While I was undertaking this research, I came across a paper by Rosalie Ber in Theoretical Medicine and Bioethics – an apparently serious suggestion that the moral problems of surrogacy could be alleviated by the use of women in a persistent vegetative state as surrogates. Some of the tone and language in my paper published in Theoretical Medicine and Bioethics in November last year is an ironic response to hers. Together, these are the concerns and interests that led me to the development of the concept of whole-body gestational donation. Its function is to highlight the confluence of the various practices and assumptions I have outlined above and to show where they may lead.
My view as an ethicist is that the prospect of whole-body gestational donation is deeply disturbing. Yet discomfort alone is not enough to show that something is unethical. If it were, then many medical advances would be stopped in their tracks. So how can we sift between the layers of discomfort and repugnance in order to make clear-sighted distinctions between what is, and is not, ethically acceptable in this context?
I suggest one fairly clear answer is that - given the subjective nature of people's attitudes to their bodies after death, it is ethically unsound to make assumptions about people's wishes. Explicit informed consent should be an absolute requirement for any kind of donation. Ethically sound consent requires proper information. It requires engagement with the public that goes well beyond existing organ donation campaigns. I have spoken to medical professionals who told me that the public are not capable of making the right choices, that giving them information will simply scare them. It is better that the choice is made for them. That way, they don't have to confront these difficult decisions.
I do not believe that this is the right approach. My work is informed by the belief that we should avoid the temptation to turn away from questions that are challenging or disturbing. By ignoring them, we do not prevent unethical things from happening – we enable them, by turning a blind eye. I strongly believe that the public should be fully informed, and empowered to make their own decisions regarding organ donation.

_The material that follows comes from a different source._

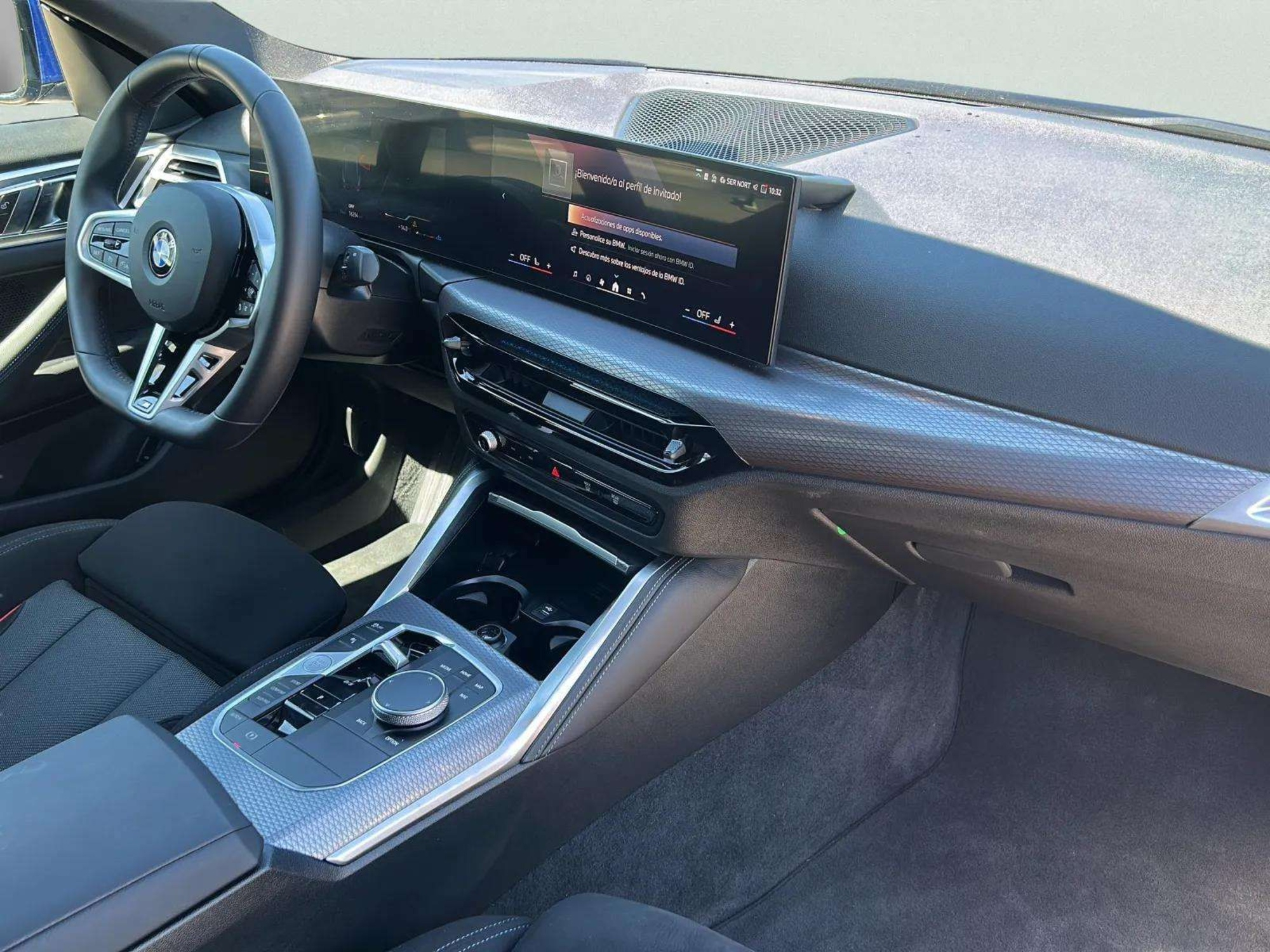 Renting BMW Serie 4 420d Gran Coupe 140 kW (190 CV) 7 2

However, responsible communication is difficult in our highly confrontational and chaotic public discourse. After my paper on whole-body gestational donation 'escaped' into the real world, it was reported on by a variety of media outlets – some with a political agenda, others with a commercial interest in provoking outrage and thereby clicks. Many of the reports were deliberately misleading – glossing over, for example, the crucial issue of consent, and giving the impression that my thought experiment was a policy proposal or even an active research project.
I became the focus of an onslaught of abuse on various social media platforms, spurred on in many cases by 'public intellectuals' who posted inflammatory comments without bothering to read or understand my paper. I was called a misogynist, a Nazi, an evil scientist, a science illiterate, a far-right extremist, a far-left extremist, and much more. Amidst this sound and fury, it seems that it is more fun to embark on a witch hunt than to grapple seriously with questions about what happens to us if and when we become brain dead.